21

Especially when copying text from things like Google docs, I would like Emacs to automatically remove smart double quotes, smart single quotes, and all manner of em-dash and en-dash characters, replacing them with their ascii equivalents.

Is there a way to configure Emacs to do this automatically? Or, baring that, a function I can call that will do it on the buffer or region?

Lee H
  • 2,697
  • 1
  • 16
  • 31
  • 1
    I like this idea. In the past I've used `(occur "[^[:ascii:]]")` to find non-ascii characters in a buffer for manual cleanup, but automatically replacing the common ones would be great. – glucas Nov 12 '14 at 14:50
  • Is there anywhere that might list all the 'smart' characters and their ascii equivalents? – Jonathan Leech-Pepin Nov 12 '14 at 17:29

2 Answers2

18

Based on SU : How to remove smart quotes in copy Paste

You can try something like the following:

(defcustom smart-to-ascii '(("\x201C" . "\"")
                ("\x201D" . "\"")
                ("\x2018" . "'")
                            ("\x2019" . "'")
                            ;; en-dash
                            ("\x2013" . "-")
                            ;; em-dash
                            ("\x2014" . "-"))
  ""
  :type '(repeat (cons (string :tag "Smart Character  ")
                       (string :tag "Ascii Replacement"))))

(defun replace-smart-to-ascii (beg end)
  (interactive "r")
  (format-replace-strings smart-to-ascii
                          nil beg end))

Using it as a defcustom to allow for adding/adjusting characters to match what is desired.

Jonathan Leech-Pepin
  • 4,307
  • 1
  • 19
  • 32
  • That won't really be a full solution, unicode has many symbols each for various kinds of quotes and dash-like-characters (e.g. non-breaking hyphen \u2011) and they all occasionally appear. I'm not even sure if an exhaustive list would stay exhaustive over time as unicode grows. – Peteris Nov 12 '14 at 20:30
  • 1
    @Peteris assuming the list was kept current (would need a list/reference of such) it would work in the long run. My selection was based entirely on those that Lee H mentioned.

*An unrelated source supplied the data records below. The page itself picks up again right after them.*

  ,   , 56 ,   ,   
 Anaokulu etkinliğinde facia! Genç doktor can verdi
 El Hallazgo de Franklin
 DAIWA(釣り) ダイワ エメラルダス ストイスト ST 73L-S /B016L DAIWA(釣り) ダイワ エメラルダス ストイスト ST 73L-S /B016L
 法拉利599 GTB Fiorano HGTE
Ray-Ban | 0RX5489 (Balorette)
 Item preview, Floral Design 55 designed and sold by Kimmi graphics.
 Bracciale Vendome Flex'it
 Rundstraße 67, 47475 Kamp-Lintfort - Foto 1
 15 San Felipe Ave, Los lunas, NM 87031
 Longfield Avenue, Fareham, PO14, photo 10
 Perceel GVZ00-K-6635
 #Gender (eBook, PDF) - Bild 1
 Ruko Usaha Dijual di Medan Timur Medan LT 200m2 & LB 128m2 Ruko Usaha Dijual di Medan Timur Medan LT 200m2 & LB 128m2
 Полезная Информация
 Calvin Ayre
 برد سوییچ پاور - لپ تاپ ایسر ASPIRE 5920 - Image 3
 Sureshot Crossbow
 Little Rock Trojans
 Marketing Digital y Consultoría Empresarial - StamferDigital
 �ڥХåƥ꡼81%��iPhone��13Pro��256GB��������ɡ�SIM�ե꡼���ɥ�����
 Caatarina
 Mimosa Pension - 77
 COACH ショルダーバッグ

I was not trying to provide an exhaustive list in this case, simply a starting point that could be customized to fit any others that are retrieved. – Jonathan Leech-Pepin Nov 12 '14 at 20:54
  • After replacing whatever characters are defined in the alist, you could call `highlight-regexp` to highlight any remaining non-ASCII characters in the region. – glucas Nov 13 '14 at 15:11
8

To add to what @Jonathan posted, you can make that automatic (so that yanking does not even add those chars in the first place) by doing this:

(advice-add 'yank :after (lambda (&optional ignore)
                           (replace-smart-to-ascii (mark) (point)))
            '(name replace-smart))
Drew
  • 75,699
  • 9
  • 109
  • 225